What do you get when you put Al Sharpton, Jesse Jackson, Magic Johnson, Mariah Carey and Rep. Sheila Jackson Lee together at one event?
Answer: A freakin’ three-ring circus. A bunch of ego-centric, narcissistic prima donnas fighting to get in front of the camera and bathe in the vacuous celebrity worship. If you value your life, stay the heck out of that space between Jesse Jackson and a TV camera. That’s a dangerous place to be!
The Michael Jackson memorial, held at the Staples Center in Los Angeles, was truly a circus — made for TV, the paparazzi, and our celebrity-obsessed culture. Forty-seven theaters in 24 states showed the event live, according to the Los Angeles Times. There was even a letter from Nelson Mandela read aloud, and yes, performers did sing “We Are the World.” I'm surprised Martha Quinn from MTV didn't put in a cameo appearance.
Mariah Carey, as beautiful as she is, should not have shown up for a memorial service dressed like a cocktail waitress, but that’s the way the Hollywood types roll. The City of Los Angeles, despite facing a $500 million budget shortfall, may be on the hook for the estimated $3.8 million cost of police and emergency services, although efforts are being made to find private donors.
As I stated in a previous blog, I have a lot of respect for Michael Jackson as an entertainer, composer, dancer, and singer. I give him props for donating time and large sums of money to charities. But I also fully acknowledge he was a deeply troubled and mentally ill man, a tortured soul with a drug addiction.

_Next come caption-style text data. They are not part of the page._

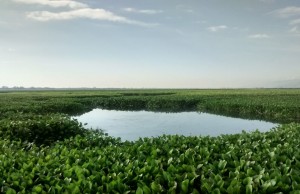Capturas en Mosquera por contaminación ambiental
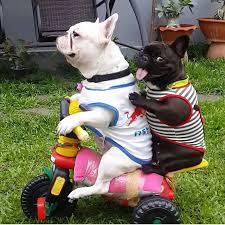 Popular english boys' names in 2017. 300 Best French Bulldog Names With Meanings All About Pets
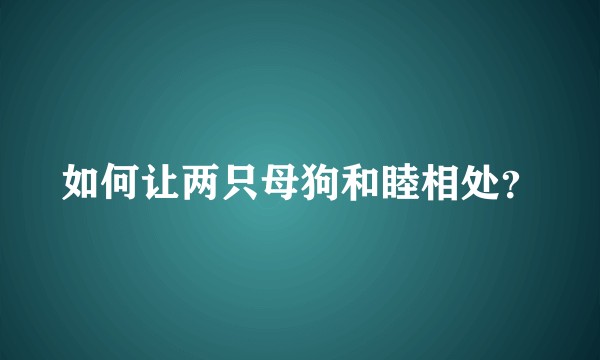 如何让两只母狗和睦相处？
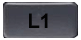 L1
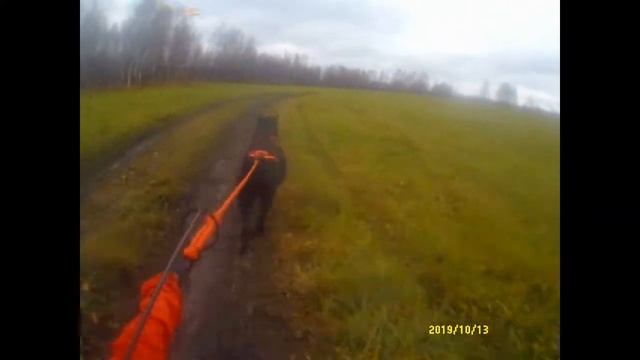 "Это по любви". Ризеншнауцер Терравиртус Импульс. Байкджоринг. смотреть онлайн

His love of and desire to associate with children was creepy, and who knows what really went on behind closed doors. But he did suffer through a dysfunctional childhood (some suspect he was abused by his father) which may explain his desire to think and live like a child to recreate what he never had. He may also have been the victim of gold diggers trying to strike it rich. Janet Arvizo, the mother of the alleged molestation victim in the 2005 trial in which the singer was acquitted, admitted lying in the trial, and a year later was charged with welfare fraud. She’s not exactly Miss Integrity.
The overkill during Mr. Jackson’s memorial service, and the wall-to-wall coverage by cable news networks, was over the top. I stayed away as much as possible; my gesture to the memory of Michael Jackson was putting on a Motown CD and listening to “Never Can Say Goodbye” while I prepared dinner.
Out of curiosity, I turned on Headline News for a minute just to see how they were handling it. Something Laura Ingraham mentioned on her radio program was right there on the screen: Not 2, 3, or 4 boxes of talking heads being interviewed from different locations, but no less than SIX! Laura said it reminded her of the squares on “The Brady Bunch.” Couldn’t agree more.
Maybe the excess is right in tune with the way Michael Jackson lived his life. But as others have noted, there are thousands of brave American soldiers who gave their lives in Iraq and Afghanistan, or who have been maimed for life. They will never get the adulation and recognition of The King of Pop. It’s a shame things are so out of whack.
The celebrification of our culture, despite all of the serious threats to our way of life — home foreclosures, rising unemployment, nuclear threats, the breakdown of the family structure, failing schools, a government on the brink of insolvency, a broken political system, and a possible bird flu epidemic, to name a few — does not speak well for our country.
The Roman poet who observed people only need bread and circuses to keep them happy was way ahead of his time. Indeed, sometimes I think Americans could survive longer without the bread than the circuses.